::: Records to use

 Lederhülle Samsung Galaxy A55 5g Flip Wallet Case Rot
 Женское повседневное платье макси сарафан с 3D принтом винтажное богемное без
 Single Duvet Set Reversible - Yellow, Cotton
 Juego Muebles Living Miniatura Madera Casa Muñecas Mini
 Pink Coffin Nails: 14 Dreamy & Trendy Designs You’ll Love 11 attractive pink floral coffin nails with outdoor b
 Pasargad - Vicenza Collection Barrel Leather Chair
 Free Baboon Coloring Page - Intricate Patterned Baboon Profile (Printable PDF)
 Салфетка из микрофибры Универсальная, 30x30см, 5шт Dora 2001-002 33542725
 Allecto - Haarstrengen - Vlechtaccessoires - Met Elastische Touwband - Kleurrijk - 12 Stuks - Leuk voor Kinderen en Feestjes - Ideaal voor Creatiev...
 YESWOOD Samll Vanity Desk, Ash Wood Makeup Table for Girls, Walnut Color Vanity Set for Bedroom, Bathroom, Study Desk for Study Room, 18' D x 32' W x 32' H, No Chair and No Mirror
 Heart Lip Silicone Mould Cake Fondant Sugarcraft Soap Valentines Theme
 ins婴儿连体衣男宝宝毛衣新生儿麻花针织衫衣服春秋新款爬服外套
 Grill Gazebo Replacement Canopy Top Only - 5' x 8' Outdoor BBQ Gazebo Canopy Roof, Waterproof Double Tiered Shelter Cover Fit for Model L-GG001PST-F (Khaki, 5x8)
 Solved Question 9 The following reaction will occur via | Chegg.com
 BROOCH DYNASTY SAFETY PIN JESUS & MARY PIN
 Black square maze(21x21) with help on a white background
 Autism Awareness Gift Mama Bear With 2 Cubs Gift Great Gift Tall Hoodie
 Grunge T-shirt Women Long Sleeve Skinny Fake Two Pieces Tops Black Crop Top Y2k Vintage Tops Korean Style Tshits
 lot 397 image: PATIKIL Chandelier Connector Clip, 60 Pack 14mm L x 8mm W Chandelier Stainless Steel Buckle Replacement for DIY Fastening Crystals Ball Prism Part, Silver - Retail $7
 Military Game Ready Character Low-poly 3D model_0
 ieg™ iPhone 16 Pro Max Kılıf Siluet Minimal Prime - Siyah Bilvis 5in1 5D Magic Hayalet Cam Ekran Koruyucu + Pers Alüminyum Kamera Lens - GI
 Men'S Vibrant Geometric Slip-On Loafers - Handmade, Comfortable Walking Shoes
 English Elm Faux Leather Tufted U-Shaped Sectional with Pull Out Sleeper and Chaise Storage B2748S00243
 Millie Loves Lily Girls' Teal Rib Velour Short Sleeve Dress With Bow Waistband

::::::

Instructions to follow >>
From the very first line of the data through the line with "Juego Muebles Living" in it, please reproduce each line exactly and output nothing more.

Answer section >>
 Lederhülle Samsung Galaxy A55 5g Flip Wallet Case Rot
 Женское повседневное платье макси сарафан с 3D принтом винтажное богемное без
 Single Duvet Set Reversible - Yellow, Cotton
 Juego Muebles Living Miniatura Madera Casa Muñecas Mini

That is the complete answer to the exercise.